NAICOM to sanction insurance firms for non-implementation of corporate governance guidelines


The National Insurance Commission (NAICOM) has said that it will sanction insurance companies that fail to implement the corporate governance guidelines which became effective this month.

Speaking to Vanguard on the sidelines of the 2021 annual seminar for insurance journalists in Lagos, Commissioner for Insurance, Mr. Sunday Thomas said that the absence of sound corporate governance structure in some insurance companies has been the cause of their abysmal performance over the years.

Thomas said: “The corporate governance guidelines that became effective this June will change the way companies are being run in the country.

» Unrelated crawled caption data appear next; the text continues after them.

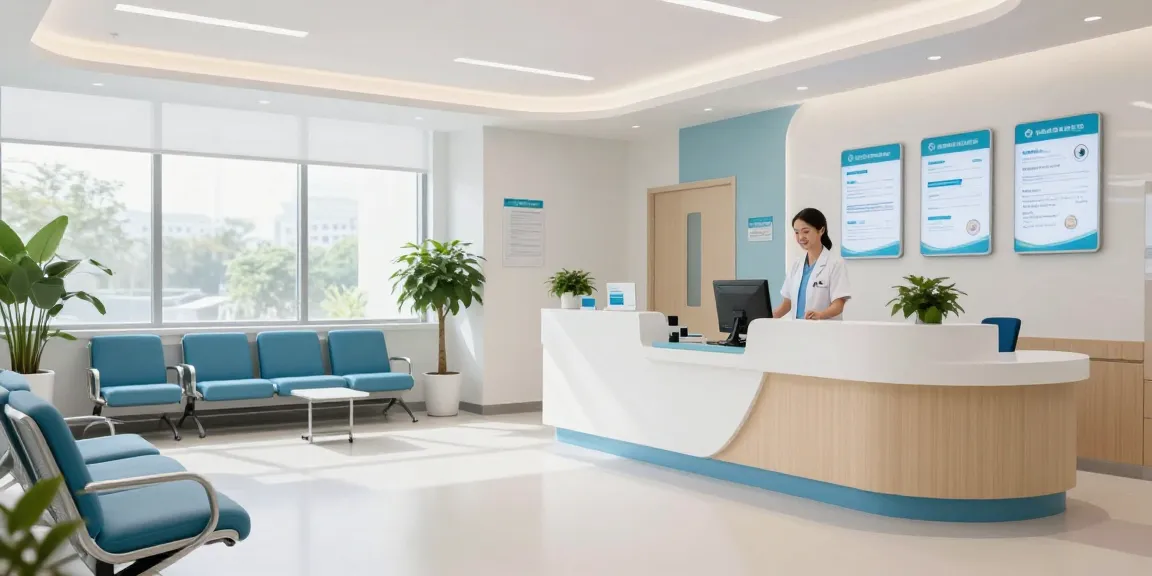 Hair transplant Istanbul consultation at a trusted medical clinic, featuring compassionate patient care and professional healthcare provider services.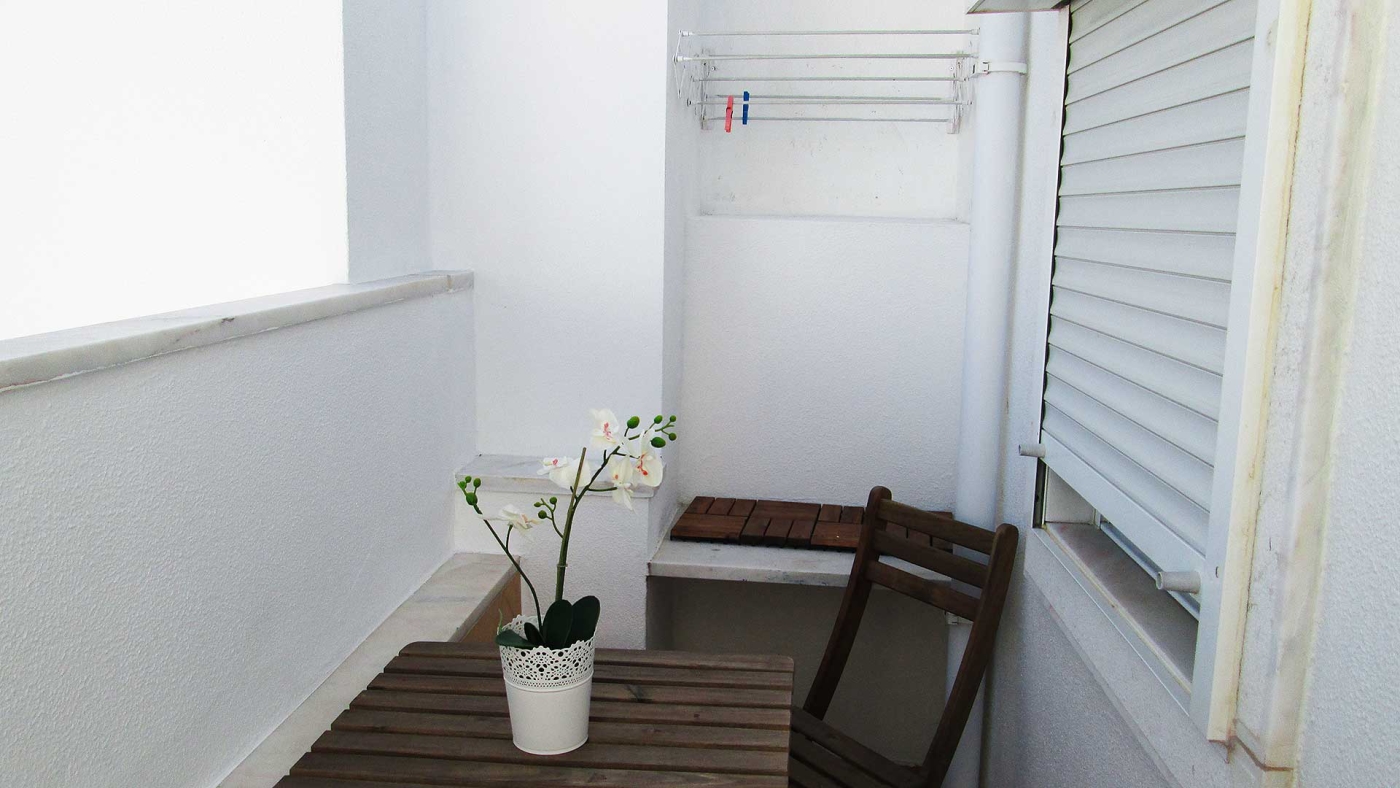 room-07-09-hospedaria-bernardo_ericeira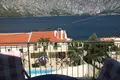 Wohnung 2 zimmer 56 m² Stoliv, Montenegro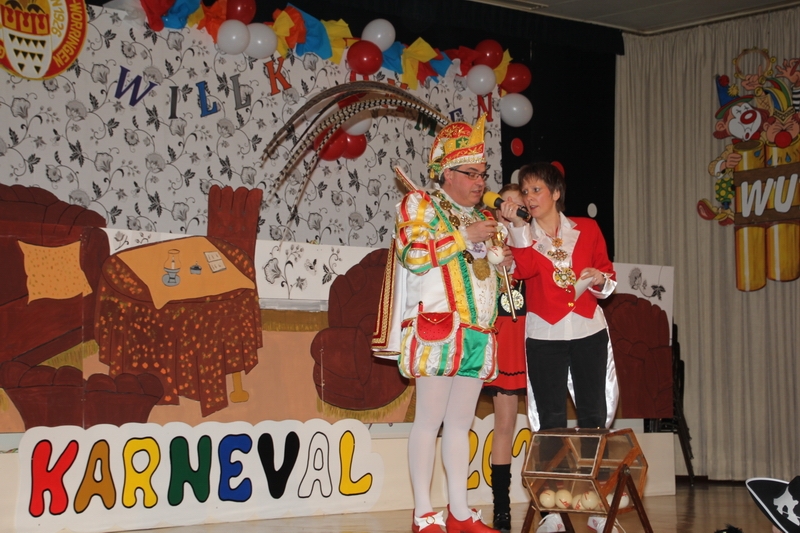 Kindersitzung2012_080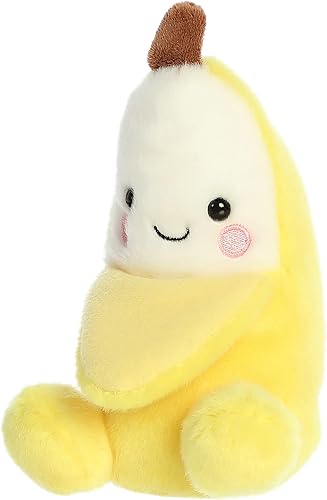 Miniatura 5 de Aurora - Palm Pals - 5" Gwen Banana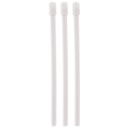 Eyectores de Saliva Color´s Basic Machtig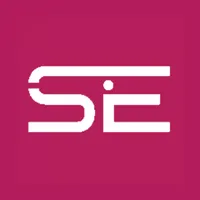 Survey Expert icon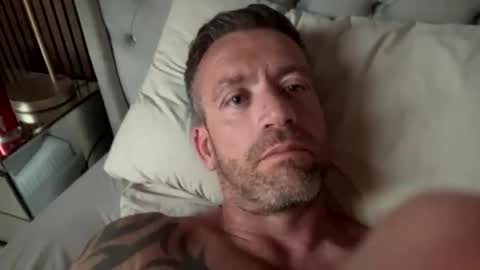 Snapshot of youwantus69 chatting on 5, 6, 2026 You want us 69 online show from 5, 6, 2026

Companies don’t fail on their own, instead people make companies to fail. Companies don’t die, companies are killed and the death of companies involves poor governance structure.

“We are aware that effective from the 1st of June, the corporate governance guidelines have become effective. This is to make sure that whatever resources that are put into the insurance sector are well protected.”

Meanwhile, Thomas said NAICOM Academy will kick off by the end of 3rd quarter or the beginning of 4th quarter 2021.

According to Thomas, one area which the Commission has not gained speed is in the area of the academy.

He said: “NAICOM has acquired a property and work is currently ongoing. We believe that by the end of third quarter or beginning of fourth quarter 2021, the NAICOM Academy will take off.”

According to him, the academy will not only serve the commission’s training needs, but also those of other regulators in the West African sub-region.

According to him the academy will not compete with the College of Insurance which is run by the Chartered Insurance Institute of Nigeria (CIIN) but complement the activities of the institute for the benefits of insurance business and insurance profession.

On distribution channels in the industry, he said the traditional method of distributing insurance is becoming outdated and inadequate to take care of the speed of the people the industry intends to reach.

“We must begin to develop other channels. There are few of them that have been developed and waiting for final touches to be released,” Thomas stated.